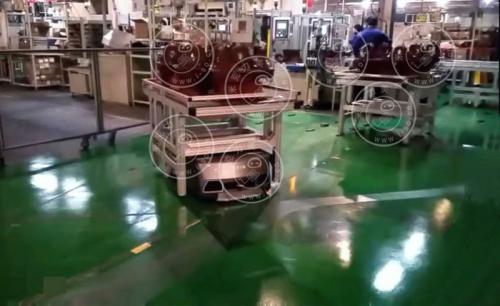 选择规划物料搬运设备策略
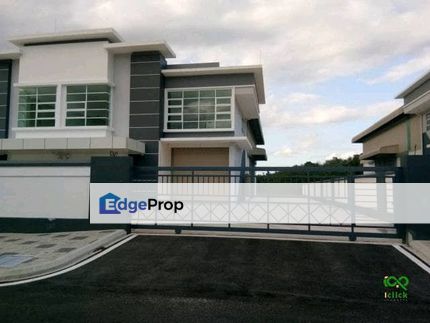 Kawasan Perindustrian Hi-Tech 7 Semenyih Semi D Factory, Selangor, Semenyih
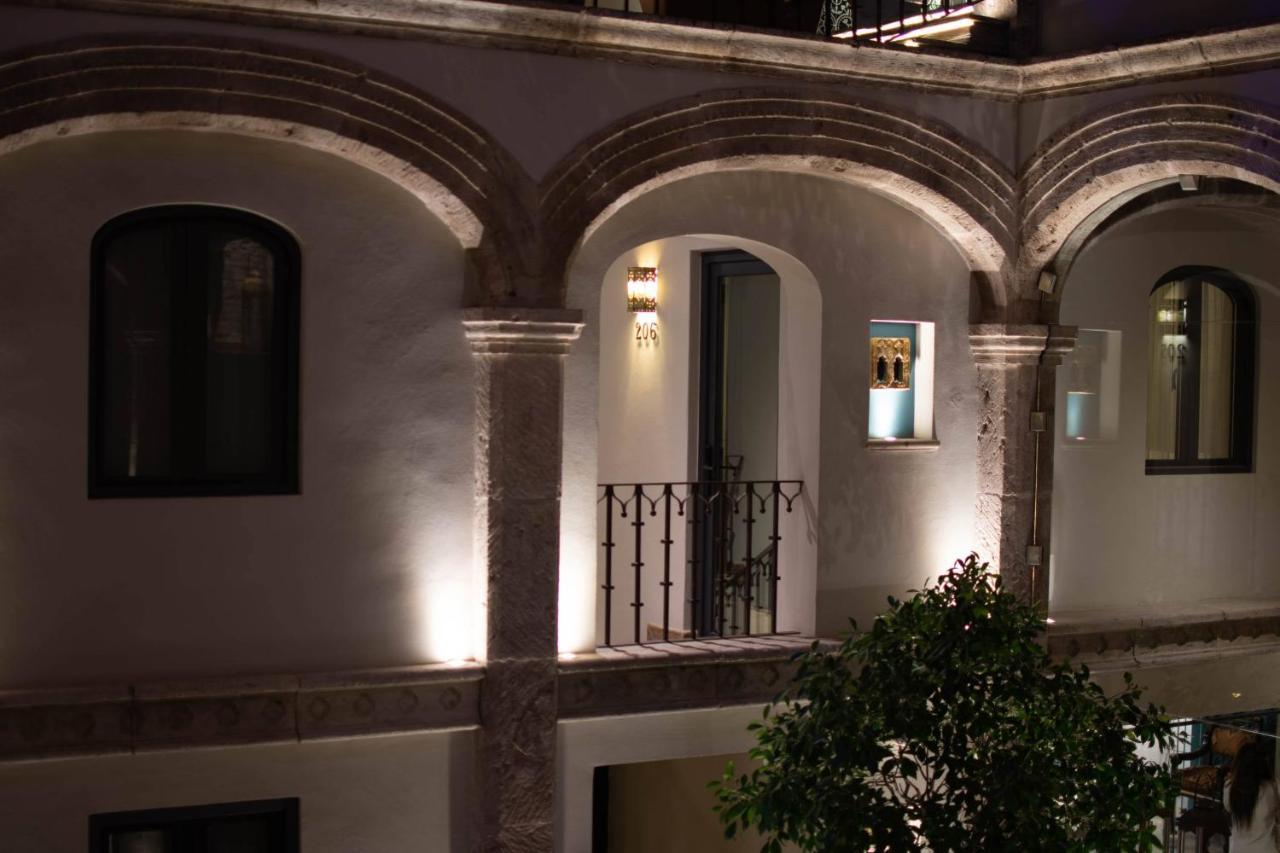 Casa 1810 Hotel Boutique San Miguel de Allende Exterior foto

### WHAT YOU ARE ASKED TO DO
Apart from the images, reproduce the listing exactly as it appears.

### ANSWER TO THE EXERCISE
 选择规划物料搬运设备策略
 Kawasan Perindustrian Hi-Tech 7 Semenyih Semi D Factory, Selangor, Semenyih
 Casa 1810 Hotel Boutique San Miguel de Allende Exterior foto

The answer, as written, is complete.